SINGAPORE - Private sector economists have raised slightly their forecast for Singapore’s economic growth in 2023, with the pace seen accelerating to 2.5 per cent in 2024, according to a Monetary Authority of Singapore (MAS) survey.
Most of the 21 economists and analysts who participated in the quarterly survey believe robust growth in China, underpinned by economic reopening and policy easing, better-than-expected global growth, and a faster technology sector recovery could further boost Singapore’s outlook.
The median forecast for gross domestic product (GDP) growth in the survey, which was conducted in February, came in at 1.9 per cent for the whole of 2023.
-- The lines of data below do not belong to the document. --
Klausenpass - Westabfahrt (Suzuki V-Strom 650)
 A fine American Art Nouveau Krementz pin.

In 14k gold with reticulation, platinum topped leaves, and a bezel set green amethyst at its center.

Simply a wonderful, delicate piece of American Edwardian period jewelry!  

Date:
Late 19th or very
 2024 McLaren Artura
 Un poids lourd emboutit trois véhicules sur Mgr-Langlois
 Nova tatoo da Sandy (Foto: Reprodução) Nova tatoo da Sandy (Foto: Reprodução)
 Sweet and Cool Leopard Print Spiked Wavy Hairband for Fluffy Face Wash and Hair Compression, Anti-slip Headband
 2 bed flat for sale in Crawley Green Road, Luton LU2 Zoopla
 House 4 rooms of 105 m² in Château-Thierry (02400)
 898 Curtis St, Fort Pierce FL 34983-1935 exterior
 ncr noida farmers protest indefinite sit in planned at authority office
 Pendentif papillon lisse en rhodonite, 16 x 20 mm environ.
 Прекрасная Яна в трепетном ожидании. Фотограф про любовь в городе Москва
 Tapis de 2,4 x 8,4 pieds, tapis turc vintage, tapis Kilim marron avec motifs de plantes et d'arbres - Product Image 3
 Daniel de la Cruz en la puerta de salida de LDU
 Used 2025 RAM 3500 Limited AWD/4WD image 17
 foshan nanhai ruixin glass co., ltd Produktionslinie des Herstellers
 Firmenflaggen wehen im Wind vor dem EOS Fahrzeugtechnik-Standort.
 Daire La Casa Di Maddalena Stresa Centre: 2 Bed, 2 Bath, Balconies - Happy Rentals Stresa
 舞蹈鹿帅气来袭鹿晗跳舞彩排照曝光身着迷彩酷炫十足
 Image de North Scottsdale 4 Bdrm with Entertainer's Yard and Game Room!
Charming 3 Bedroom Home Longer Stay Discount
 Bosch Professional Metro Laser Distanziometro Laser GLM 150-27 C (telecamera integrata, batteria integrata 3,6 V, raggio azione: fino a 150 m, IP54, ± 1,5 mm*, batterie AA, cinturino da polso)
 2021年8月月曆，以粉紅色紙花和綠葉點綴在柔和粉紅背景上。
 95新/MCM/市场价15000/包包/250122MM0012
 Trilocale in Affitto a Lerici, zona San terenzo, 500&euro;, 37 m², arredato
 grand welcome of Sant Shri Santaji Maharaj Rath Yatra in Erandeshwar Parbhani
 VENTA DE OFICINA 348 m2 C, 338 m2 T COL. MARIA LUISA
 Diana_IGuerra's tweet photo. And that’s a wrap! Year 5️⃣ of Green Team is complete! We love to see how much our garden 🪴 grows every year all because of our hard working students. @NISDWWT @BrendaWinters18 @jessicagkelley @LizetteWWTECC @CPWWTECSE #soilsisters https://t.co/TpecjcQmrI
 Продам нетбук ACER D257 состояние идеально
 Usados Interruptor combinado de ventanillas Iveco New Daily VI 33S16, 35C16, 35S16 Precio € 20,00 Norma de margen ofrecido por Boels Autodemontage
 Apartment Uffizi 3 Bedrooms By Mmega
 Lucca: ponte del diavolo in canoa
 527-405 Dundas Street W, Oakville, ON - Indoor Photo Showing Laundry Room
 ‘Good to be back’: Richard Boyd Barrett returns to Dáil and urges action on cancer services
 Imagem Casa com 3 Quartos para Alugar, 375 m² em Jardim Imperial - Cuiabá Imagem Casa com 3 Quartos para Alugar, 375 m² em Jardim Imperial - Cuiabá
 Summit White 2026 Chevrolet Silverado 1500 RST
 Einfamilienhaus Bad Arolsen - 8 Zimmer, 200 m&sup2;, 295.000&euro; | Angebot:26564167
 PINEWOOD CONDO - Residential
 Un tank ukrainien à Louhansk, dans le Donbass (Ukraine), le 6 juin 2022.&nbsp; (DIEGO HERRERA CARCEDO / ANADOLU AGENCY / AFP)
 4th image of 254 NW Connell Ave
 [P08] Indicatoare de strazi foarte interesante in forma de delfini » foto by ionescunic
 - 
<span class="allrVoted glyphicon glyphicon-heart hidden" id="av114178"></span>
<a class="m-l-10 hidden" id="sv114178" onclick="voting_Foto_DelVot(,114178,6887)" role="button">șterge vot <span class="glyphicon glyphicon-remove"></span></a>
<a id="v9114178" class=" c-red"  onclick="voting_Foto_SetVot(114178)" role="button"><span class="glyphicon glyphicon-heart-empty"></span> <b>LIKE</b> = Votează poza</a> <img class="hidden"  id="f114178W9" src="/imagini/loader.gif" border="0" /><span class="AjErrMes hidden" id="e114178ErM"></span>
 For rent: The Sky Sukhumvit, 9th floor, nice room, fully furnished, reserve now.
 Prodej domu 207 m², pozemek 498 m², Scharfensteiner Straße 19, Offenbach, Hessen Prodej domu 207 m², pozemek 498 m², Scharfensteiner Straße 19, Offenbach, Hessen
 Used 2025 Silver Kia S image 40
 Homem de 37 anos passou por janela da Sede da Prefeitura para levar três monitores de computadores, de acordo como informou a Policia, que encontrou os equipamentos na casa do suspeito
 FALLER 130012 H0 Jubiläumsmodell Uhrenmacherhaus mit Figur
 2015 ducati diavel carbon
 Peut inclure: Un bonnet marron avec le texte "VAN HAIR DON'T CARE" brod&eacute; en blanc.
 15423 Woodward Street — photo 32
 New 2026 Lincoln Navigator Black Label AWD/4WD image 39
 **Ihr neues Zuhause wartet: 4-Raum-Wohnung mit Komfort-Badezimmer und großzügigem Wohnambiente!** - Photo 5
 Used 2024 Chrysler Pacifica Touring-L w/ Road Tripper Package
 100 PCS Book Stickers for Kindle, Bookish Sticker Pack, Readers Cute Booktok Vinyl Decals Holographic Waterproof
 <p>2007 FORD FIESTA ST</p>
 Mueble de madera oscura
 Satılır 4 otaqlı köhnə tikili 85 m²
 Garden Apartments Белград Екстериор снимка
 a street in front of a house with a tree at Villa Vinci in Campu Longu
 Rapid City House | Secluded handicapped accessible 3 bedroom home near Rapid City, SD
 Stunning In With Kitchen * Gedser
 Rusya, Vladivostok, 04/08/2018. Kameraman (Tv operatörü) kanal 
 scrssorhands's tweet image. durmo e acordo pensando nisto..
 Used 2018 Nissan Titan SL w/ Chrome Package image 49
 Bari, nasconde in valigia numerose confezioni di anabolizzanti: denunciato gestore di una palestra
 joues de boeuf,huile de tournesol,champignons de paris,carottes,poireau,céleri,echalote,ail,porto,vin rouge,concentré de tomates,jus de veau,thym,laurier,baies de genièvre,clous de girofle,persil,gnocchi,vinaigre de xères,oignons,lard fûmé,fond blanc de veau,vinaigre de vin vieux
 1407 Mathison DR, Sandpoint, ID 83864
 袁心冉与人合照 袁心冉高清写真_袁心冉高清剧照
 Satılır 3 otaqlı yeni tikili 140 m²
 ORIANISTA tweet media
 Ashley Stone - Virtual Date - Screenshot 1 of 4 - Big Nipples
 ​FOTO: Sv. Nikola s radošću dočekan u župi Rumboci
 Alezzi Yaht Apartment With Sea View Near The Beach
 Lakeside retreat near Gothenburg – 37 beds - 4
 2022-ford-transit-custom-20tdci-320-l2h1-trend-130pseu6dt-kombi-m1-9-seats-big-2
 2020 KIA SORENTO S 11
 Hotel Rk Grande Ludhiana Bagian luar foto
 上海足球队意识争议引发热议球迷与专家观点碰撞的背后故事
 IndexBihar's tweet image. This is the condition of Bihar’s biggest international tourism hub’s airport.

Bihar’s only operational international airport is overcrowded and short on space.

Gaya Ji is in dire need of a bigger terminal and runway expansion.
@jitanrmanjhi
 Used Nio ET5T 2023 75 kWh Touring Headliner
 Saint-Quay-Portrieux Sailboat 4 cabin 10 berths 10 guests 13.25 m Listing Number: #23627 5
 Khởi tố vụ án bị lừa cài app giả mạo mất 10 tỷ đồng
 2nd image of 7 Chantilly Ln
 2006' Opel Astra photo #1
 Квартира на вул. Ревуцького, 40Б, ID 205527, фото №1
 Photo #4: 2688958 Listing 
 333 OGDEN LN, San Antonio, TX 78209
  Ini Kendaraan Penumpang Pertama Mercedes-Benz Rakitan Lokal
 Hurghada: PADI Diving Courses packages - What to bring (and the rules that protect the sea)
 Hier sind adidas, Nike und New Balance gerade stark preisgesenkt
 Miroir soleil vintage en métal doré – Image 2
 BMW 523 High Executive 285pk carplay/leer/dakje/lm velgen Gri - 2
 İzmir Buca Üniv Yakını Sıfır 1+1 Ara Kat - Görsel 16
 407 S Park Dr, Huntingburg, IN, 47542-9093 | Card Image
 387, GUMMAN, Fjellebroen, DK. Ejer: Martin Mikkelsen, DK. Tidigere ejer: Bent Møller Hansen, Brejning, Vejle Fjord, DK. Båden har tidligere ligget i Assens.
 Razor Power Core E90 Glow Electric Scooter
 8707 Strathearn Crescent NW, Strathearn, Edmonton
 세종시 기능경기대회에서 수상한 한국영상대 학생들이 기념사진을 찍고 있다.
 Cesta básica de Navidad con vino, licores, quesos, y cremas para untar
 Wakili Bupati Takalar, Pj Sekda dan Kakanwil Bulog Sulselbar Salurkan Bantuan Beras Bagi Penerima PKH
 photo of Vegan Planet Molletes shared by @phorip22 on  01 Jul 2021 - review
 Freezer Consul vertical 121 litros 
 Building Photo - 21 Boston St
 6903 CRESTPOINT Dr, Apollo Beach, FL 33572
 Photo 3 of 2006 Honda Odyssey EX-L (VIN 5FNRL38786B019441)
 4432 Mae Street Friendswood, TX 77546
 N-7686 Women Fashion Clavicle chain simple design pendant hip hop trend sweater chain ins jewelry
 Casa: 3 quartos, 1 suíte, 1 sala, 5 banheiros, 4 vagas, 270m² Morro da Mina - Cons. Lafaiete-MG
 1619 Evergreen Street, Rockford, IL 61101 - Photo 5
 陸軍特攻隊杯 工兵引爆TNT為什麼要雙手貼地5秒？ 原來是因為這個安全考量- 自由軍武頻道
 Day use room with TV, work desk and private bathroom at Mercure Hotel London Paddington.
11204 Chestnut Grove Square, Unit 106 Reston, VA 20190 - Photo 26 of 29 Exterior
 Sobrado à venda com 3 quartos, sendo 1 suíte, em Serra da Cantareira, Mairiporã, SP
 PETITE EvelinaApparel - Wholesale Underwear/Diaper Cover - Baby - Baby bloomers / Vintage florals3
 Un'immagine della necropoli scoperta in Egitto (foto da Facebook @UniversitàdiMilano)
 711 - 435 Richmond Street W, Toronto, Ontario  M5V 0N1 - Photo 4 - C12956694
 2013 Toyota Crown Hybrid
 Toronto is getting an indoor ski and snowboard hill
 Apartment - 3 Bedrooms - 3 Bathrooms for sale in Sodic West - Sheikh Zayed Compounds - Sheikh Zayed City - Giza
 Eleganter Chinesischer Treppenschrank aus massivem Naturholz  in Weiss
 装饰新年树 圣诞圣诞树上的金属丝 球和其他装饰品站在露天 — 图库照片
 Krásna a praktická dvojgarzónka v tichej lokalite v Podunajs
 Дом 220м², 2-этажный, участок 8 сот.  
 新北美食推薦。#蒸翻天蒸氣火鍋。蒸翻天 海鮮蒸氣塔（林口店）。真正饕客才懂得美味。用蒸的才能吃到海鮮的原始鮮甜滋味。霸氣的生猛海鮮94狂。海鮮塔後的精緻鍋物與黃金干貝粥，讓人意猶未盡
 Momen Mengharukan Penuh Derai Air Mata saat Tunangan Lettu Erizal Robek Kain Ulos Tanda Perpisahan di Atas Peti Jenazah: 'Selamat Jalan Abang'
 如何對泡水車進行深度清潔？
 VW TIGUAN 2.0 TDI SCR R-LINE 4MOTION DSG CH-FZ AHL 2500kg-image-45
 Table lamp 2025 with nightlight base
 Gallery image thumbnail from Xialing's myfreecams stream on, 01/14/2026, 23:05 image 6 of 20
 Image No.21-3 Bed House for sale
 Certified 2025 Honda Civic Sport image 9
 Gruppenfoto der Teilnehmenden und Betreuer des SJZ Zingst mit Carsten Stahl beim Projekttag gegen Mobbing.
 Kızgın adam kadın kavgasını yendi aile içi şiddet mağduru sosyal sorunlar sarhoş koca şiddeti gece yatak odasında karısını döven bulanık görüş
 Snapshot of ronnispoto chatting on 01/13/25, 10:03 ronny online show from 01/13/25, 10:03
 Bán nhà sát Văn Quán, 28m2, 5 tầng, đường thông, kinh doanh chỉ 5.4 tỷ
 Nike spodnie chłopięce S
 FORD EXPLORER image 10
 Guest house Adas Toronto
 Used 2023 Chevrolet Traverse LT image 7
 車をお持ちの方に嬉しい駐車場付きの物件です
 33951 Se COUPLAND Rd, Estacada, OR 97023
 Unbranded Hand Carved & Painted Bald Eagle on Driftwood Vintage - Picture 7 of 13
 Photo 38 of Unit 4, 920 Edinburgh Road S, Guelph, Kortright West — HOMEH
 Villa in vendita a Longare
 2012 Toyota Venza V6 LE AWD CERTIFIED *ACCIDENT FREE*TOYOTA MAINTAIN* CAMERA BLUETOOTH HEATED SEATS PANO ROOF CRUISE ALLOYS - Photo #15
This was up from the 1.8 per cent GDP growth projected in the previous survey published last December.
The estimate lands within the top half of the Government’s broad forecast range of 0.5 per cent to 2.5 per cent growth for 2023.
The median forecast in the survey for Consumer Price Index-All Items, also called headline inflation, for 2023 was 5 per cent, down from 5.2 per cent in the December survey.
But the forecast for core inflation, which excludes accommodation and private transport costs, was raised a notch to 4.1 per cent, from 4 per cent previously.
MAS expects headline inflation to average 5.5 per cent to 6.5 per cent, and core inflation, 3.5 per cent to 4.5 per cent, in 2023.
The respondents to the MAS survey kept their overall unemployment rate at 2.2 per cent for the end of 2023, unchanged from the December survey.
However, 56 per cent of the respondents warned that an escalation in geopolitical tensions and inflationary pressures were the two prominent risks to their forecasts.
Meanwhile, spillovers from an external growth slowdown was also ranked in the survey as the top downside risk, by 31 per cent of respondents.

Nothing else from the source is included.